__Work required__
Give back the whole listing exactly as written, leaving out each picture.

__Data excerpt__
---+---

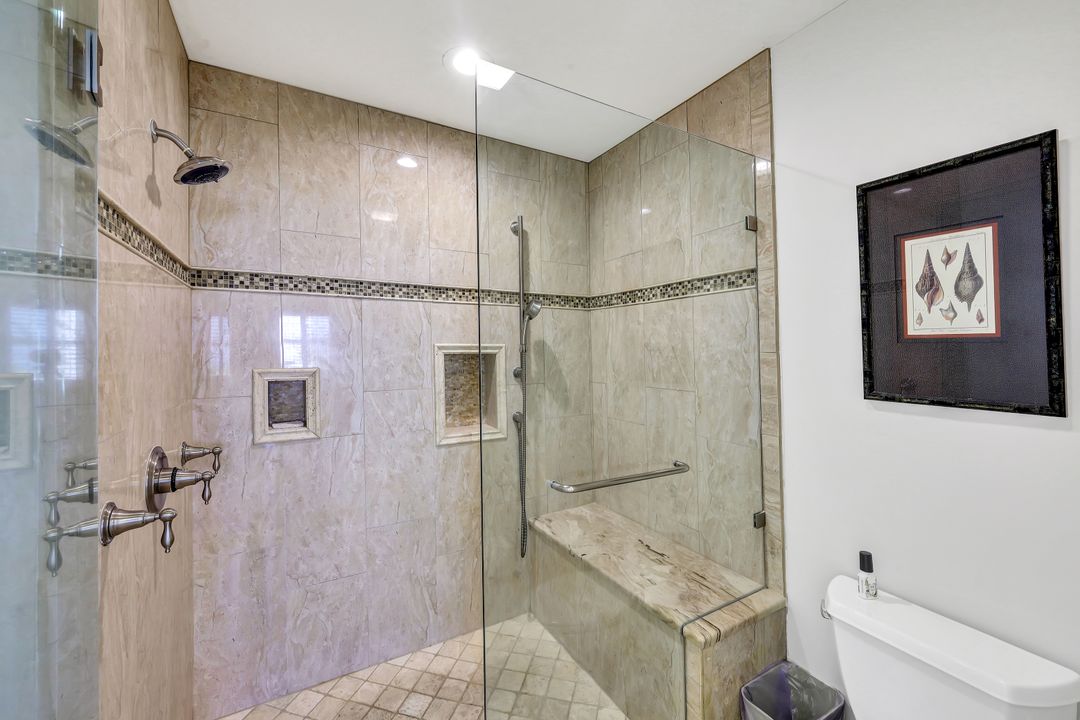 460 Launch Cir #604, Naples, FL 34108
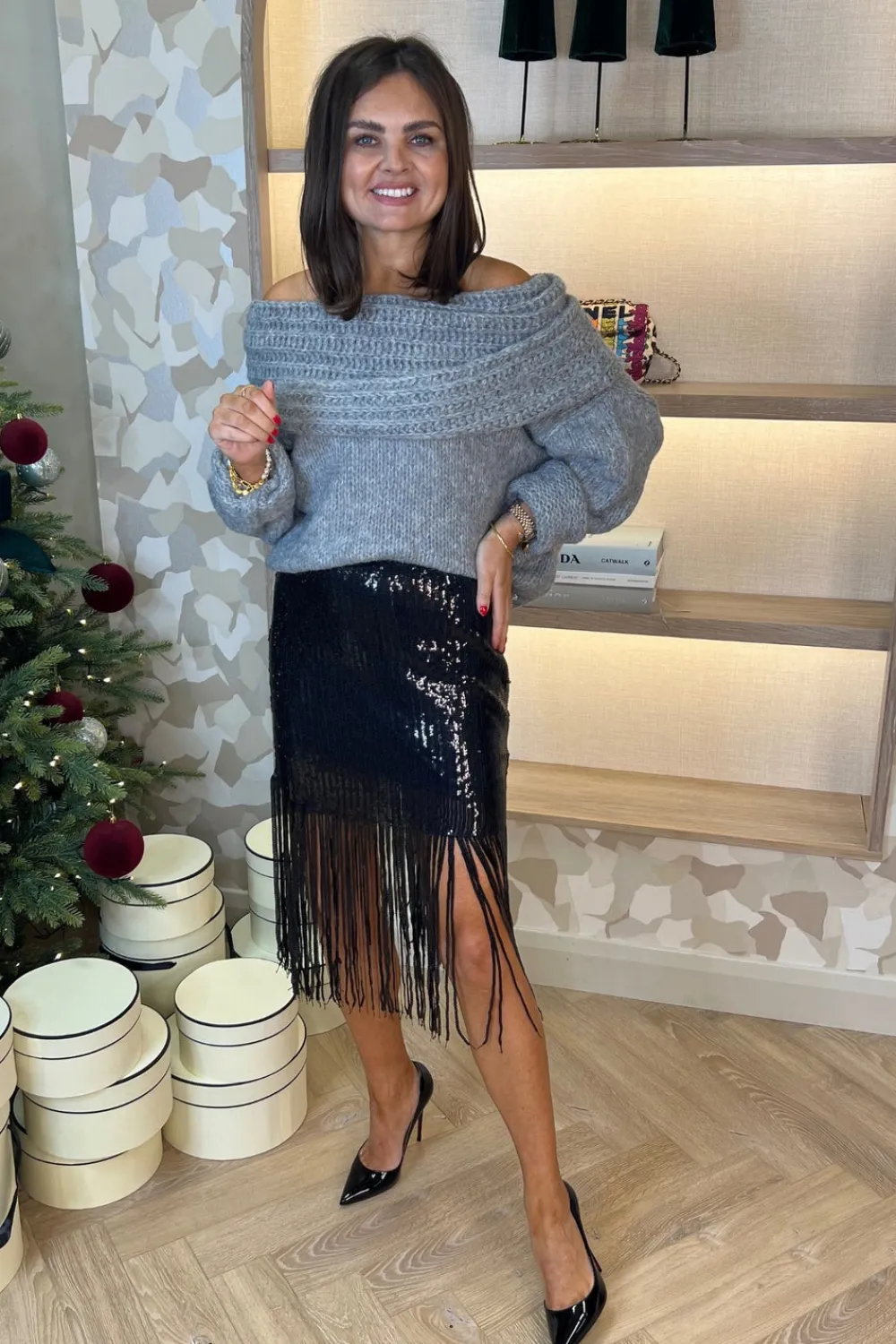 The Walk in Wardrobe Skirts & Skorts>Eliza Sequin Skirt In Black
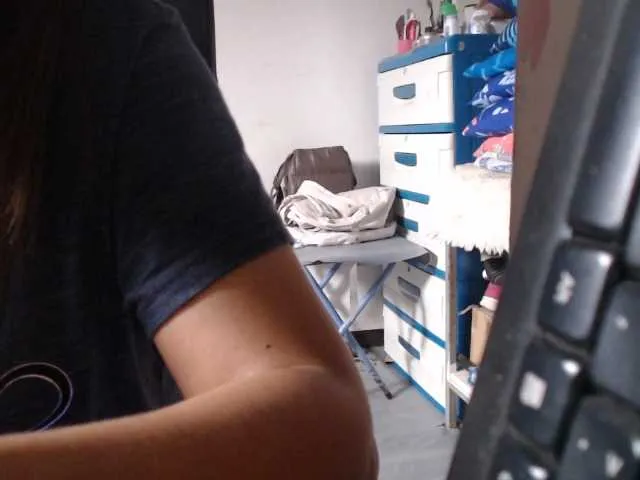 Live sex webcam photo for TheLastVIRGIN #290005165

---+---

__Answer space__
 460 Launch Cir #604, Naples, FL 34108
 The Walk in Wardrobe Skirts & Skorts>Eliza Sequin Skirt In Black
 Live sex webcam photo for TheLastVIRGIN #290005165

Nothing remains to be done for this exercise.